TASK BRIEF:
Starting with the line that has "2020 BMW F 850" in the records below and ending with the line that has "Vòng khóa vương miện đính đá - Lincharms", output those lines exactly and nothing more; omit the pictures.

--- SUPPLIED DATA Enclosed Below ---

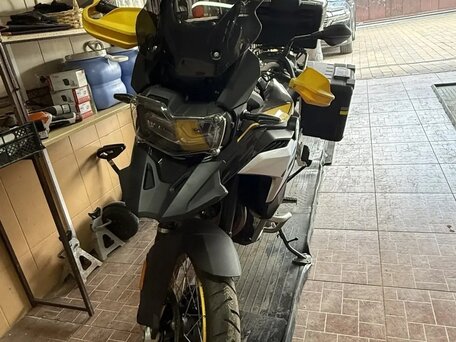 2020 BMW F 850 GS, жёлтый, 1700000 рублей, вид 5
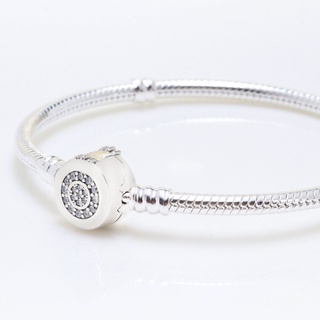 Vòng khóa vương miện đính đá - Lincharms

--- End of Enclosed SUPPLIED DATA ---
--- SUPPLIED DATA Enclosed Below ---

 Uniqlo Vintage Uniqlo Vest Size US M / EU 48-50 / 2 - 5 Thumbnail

--- End of Enclosed SUPPLIED DATA ---

TASK OUTPUT:
 2020 BMW F 850 GS, жёлтый, 1700000 рублей, вид 5
 Vòng khóa vương miện đính đá - Lincharms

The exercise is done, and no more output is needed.